CARL JUNCTION, Mo. —
A $3.5 million sports complex being discussed by Carl Junction city officials was put on hold Tuesday night as costs grew.
Alderman Bob Cook said that when he launched the idea more than a year ago, it began as a small baseball and softball complex.
But it grew to the point that the baseball and softball fields would cost about $2.5 million, and an additional $1 million would be spent on tennis courts, disc golf, hiking trails and street improvements for roads that would lead there. A conceptual plan was drawn up by Allgeier Martin and Associates in Joplin and presented to members of the board Tuesday. No specific site was identified and no land was acquired for the project.
“The initial estimate was a little over a million dollars,” Cook said. “I think we went a little bit overboard.”

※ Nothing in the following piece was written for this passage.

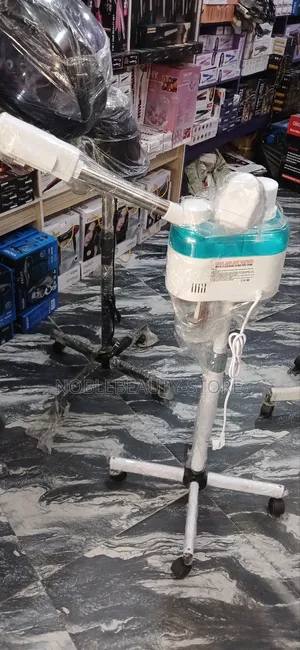 2in1 Facial Steamer (Hot and Cold)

Funding for the $3.5 million complex was to come from a 34-cent increase in property taxes, raising it from 88.5 cents to $1.22.5 per $100 of assessed valuation. The would equate to an increase of $78 for the owner of a $120,000 house in Carl Junction, which City Administrator Steve Lawver said is the median value of homes in the community.
City officials were discussing language for the April ballot when they put the project on hold.
There are now five baseball fields in Carl Junction, said Lawver, but they are dated and flood every spring.
“We would replace that with a better facility in a more central location,” Lawver said. “Right now, you have to go through a residential area to get to it.”
The city also is looking at school district needs as it considers a complex.
Lawver said about three years ago, the school started a tennis team, but students have to go to Joplin for practice and tournaments because existing courts need to be replaced, and there are not enough of them.
Cook said Tuesday he’s “all for a complex, but added that the tax increase was too much to ask of voters.
“I, personally, think we ought to go back to our original thought: To start small,” Cook said. “We’re a small town. We can’t afford to hire more people to take care of the complex, which we’re gonna have to do.”
Alderman Tim Smith said Tuesday he was in agreement with Cook.
“I’m also worried about us going to the expense to put it on a ballet and not passing,” Smith said.
Alderman Mark Power said the city needs to take care of its existing infrastructure before it builds something for recreational activities.
“Our streets are getting horrible,” Power said. “And now we’re talking about putting in a $2.5 million ball park and letting our streets go to pot. That’s what really bothers me.”
Cook said “baby steps” should be taken to get a sports complex started, including a smaller proposed tax increase.
“(A sports complex) will build a town,” Cook said. “It will do that. But I think we went overboard to include so many facets.
“Maybe I’m killing my own dream,” he added.